Он вообще был веселым, жизнерадостным человеком, умел превратить в юмор любую житейскую трудность. Ездили мы с членами литстудии в дом отдыха, там фотограф предлагал свои услуги. На мое приглашение щелкнуться Егоров ответил стихами:
Иметь за 10 рэ два фото
Мне почему-то неохота.
Уж лучше я пойду к пруду
И в нем лицо свое найду.
Говорю, что фото на память останется. На это последовали новые вирши:
Хоть не могу я воду пруда,
Как фото, положить в карман,
Но ведь и не ищу я чуда,
Мое лицо со мной повсюду,
А фото — фокус и обман.
Объясняя свое решение, он подытожил:
На фото ведь рога под шапкой,
Да и копыта в башмаках.
А если пруд задернут травкой,
Я всех оставлю в дураках!
Такие шутливые экспромты он выдавал часто, вызывая безудержный смех. Но писал и серьезные стихи. Я привела его в «Камертон» — объединение глухих литераторов.

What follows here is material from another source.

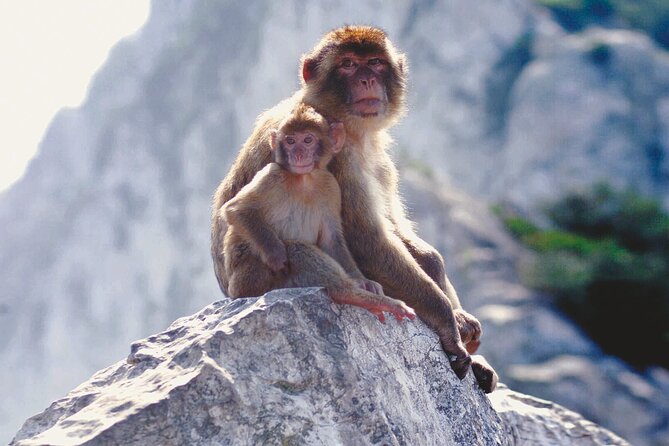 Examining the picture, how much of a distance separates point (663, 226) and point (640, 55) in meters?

Однако наши поэты встретили нового коллегу весьма иронично, раздраконили его творения в пух и прах. Егоров даже расстроился сначала. Но критика его не обидела, а подхлестнула. По словам Нади, он «работал и работал». Стал завсегдатаем «Камертона».

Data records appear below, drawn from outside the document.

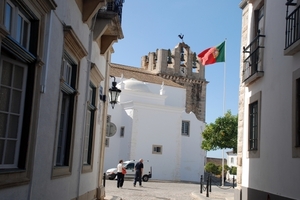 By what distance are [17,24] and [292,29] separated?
529 centimetres

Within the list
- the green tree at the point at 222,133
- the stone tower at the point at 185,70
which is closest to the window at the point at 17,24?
the green tree at the point at 222,133

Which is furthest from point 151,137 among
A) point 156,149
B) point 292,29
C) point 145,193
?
point 292,29

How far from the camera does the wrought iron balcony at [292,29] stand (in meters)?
7.98

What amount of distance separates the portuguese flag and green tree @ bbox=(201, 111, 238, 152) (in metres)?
9.24

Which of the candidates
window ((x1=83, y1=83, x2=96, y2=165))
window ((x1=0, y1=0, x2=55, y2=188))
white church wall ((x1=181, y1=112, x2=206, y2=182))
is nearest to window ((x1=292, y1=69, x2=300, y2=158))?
window ((x1=0, y1=0, x2=55, y2=188))

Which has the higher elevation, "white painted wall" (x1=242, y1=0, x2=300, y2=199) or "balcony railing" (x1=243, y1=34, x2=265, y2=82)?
"balcony railing" (x1=243, y1=34, x2=265, y2=82)

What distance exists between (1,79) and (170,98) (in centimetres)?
4237

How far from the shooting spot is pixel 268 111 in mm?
9883

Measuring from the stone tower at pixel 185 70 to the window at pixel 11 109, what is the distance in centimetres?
5236

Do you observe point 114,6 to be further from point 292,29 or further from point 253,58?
point 292,29

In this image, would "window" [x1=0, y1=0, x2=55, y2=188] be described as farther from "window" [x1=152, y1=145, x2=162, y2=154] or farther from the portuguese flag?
"window" [x1=152, y1=145, x2=162, y2=154]

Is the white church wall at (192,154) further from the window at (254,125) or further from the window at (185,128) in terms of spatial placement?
the window at (254,125)

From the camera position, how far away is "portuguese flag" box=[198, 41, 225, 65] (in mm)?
22391

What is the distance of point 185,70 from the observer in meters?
60.6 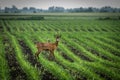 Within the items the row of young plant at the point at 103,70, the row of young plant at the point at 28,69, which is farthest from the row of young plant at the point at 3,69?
the row of young plant at the point at 103,70

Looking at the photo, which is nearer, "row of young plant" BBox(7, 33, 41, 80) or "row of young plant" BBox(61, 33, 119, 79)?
"row of young plant" BBox(7, 33, 41, 80)

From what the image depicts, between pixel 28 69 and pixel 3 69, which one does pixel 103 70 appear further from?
pixel 3 69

Никакие расстояния и трудности Владимира Андреевича не пугали, он летал на костылях, как на крыльях. Надя не всегда могла сопровождать мужа, часто болела. Но он приспособился ездить сам. Смело обращался к людям, прося что-то написать, сказать погромче.

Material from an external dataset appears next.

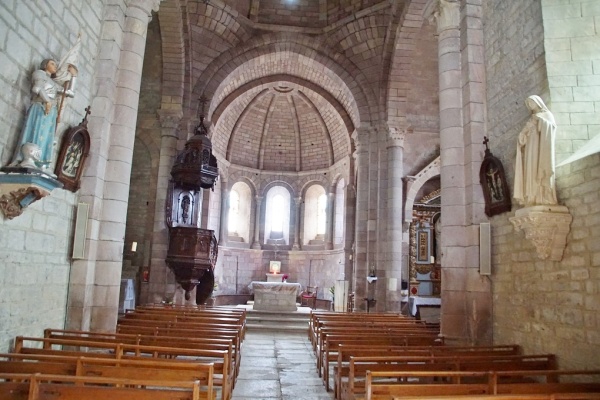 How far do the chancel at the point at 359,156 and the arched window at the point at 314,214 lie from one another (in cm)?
548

Егоров очень любил жену, много стихов посвятил ей. Она была в больнице, а он заклинал:
Отдай все силы для борьбы!
И — не сдавайся! Зубы стисни,
Но не бросай две наши жизни
На произвол слепой судьбы.
Надиных сил не хватило… Егоров постарел, поседел, но держался. Показывал фотографии: Надя в гробу лежала, как спящая царевна… Он написал о жене:
Я понимаю, ты была святою,
Терпя, прощая, веря и любя.
Диабет — болезнь коварная. Задавленная гангрена ног опять дала о себе знать, Владимир Андреевич уже не выходил на улицу. Мы с сотрудником редакции «ВЕС» («В едином строю» — журнал Всероссийского общества глухих) В. Скриповым навещали его дома. Ему кто-то помогал из родственников. Егоров, как всегда, шутил, был спокоен, собран. Дал нам стихи для публикации. Готовился вскоре лечь в больницу. Верил, что врачи его спасут, как это бывало не раз. Стихи напечатали в «ВЕСе». Мне дали гонорар для Егорова. Моя мама стала созваниваться с его родственниками, чтобы передать деньги. Владимир Андреевич лежал в больнице, в тяжелом состоянии. Велели позвонить ему через два дня. А через два дня Егоров умер…
В душе остался образ летящего, как на крыльях, человека, стремящегося к людям, к общению, любви, радости — вопреки всем невзгодам.
Так рвется пойманная птица
Из пут настигнувшей беды…
Прошли годы, но когда бывает особенно трудно, я вспоминаю Егорова, его внимательные, понимающие глаза, в которых порой вспыхивали шаловливые искорки.
Он словно ободряет издалека:
Ничего, пробьемся! Жизнь прекрасна и удивительна!
Будем стойко нести свой крест!
Такие слова я слышала от него живого. Это очень поддерживало.